== Goal of the exercise ==
When you reach the line containing "新潟県の雨雲レーダー(2017年08月17日)" in the records below, start copying exactly, and stop once you have copied the line containing "Tam Balıkçı Triko Kazak - Gri (5) Sementa".

Short text fragments from websites:
============================================================

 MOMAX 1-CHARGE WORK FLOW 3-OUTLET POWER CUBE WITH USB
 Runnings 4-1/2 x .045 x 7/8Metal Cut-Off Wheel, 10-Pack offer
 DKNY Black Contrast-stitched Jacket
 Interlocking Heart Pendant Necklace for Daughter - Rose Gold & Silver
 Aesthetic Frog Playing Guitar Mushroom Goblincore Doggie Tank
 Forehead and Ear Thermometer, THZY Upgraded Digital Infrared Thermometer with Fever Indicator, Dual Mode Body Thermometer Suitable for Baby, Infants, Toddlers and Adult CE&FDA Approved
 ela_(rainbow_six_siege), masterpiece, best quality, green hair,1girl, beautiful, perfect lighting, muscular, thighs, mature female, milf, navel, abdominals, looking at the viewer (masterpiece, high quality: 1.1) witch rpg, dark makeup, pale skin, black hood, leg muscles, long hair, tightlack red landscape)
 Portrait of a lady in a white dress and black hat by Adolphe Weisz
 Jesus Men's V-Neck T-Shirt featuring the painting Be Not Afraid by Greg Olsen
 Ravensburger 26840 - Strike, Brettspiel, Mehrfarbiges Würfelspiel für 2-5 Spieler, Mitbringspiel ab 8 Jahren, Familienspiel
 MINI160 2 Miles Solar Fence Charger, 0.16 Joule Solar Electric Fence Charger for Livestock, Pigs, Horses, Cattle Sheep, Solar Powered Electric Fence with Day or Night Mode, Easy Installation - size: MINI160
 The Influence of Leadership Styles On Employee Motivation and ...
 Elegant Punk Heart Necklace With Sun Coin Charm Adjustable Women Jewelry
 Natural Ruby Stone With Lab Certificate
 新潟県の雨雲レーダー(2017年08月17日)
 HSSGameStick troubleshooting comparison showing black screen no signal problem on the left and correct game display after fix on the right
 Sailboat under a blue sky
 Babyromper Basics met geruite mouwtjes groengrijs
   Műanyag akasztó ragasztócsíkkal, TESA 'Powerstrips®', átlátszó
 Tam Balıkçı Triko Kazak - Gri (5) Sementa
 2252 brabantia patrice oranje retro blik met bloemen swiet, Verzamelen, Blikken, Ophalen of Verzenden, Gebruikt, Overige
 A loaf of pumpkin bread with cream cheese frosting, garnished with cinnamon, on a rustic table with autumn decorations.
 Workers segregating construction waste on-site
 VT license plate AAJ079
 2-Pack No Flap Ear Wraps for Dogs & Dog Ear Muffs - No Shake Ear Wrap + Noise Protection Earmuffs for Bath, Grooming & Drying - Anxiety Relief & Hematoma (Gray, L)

============================================================

== Answer for this exercise ==
 新潟県の雨雲レーダー(2017年08月17日)
 HSSGameStick troubleshooting comparison showing black screen no signal problem on the left and correct game display after fix on the right
 Sailboat under a blue sky
 Babyromper Basics met geruite mouwtjes groengrijs
   Műanyag akasztó ragasztócsíkkal, TESA 'Powerstrips®', átlátszó
 Tam Balıkçı Triko Kazak - Gri (5) Sementa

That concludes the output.